▸ **Problem to solve**: Please output exactly the part of the records below that opens with the line containing "New 2027 Ford Explorer ST-Line SUV" and closes with the line containing "Nain Persian Rug", both lines included, and nothing else.

--- --- ---

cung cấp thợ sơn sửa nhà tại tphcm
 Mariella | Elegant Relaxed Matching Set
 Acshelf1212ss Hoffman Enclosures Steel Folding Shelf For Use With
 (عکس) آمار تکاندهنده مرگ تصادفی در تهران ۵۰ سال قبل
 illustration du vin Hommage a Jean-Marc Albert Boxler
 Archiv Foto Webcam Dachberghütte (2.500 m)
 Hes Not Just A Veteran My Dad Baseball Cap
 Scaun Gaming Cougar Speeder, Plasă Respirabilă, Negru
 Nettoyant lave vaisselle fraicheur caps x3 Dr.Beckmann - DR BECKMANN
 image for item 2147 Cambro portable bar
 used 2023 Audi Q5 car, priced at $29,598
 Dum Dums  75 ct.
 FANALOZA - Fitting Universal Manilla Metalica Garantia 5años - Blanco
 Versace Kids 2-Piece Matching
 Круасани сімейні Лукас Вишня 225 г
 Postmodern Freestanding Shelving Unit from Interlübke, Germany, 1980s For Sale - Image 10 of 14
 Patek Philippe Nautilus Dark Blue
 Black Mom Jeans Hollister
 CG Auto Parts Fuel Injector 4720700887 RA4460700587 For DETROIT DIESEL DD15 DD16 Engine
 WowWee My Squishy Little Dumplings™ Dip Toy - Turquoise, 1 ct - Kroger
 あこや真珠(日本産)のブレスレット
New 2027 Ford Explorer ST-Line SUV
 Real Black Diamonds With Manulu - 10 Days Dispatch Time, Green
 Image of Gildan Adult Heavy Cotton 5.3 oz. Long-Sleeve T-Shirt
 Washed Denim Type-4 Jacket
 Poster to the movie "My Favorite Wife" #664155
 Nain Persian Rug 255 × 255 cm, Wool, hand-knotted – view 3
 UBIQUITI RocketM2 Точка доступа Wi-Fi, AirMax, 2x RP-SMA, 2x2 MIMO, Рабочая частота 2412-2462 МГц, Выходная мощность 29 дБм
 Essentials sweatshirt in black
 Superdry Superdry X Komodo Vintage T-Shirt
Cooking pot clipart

--- --- ---

▸ **Output for this task**:
New 2027 Ford Explorer ST-Line SUV
 Real Black Diamonds With Manulu - 10 Days Dispatch Time, Green
 Image of Gildan Adult Heavy Cotton 5.3 oz. Long-Sleeve T-Shirt
 Washed Denim Type-4 Jacket
 Poster to the movie "My Favorite Wife" #664155
 Nain Persian Rug 255 × 255 cm, Wool, hand-knotted – view 3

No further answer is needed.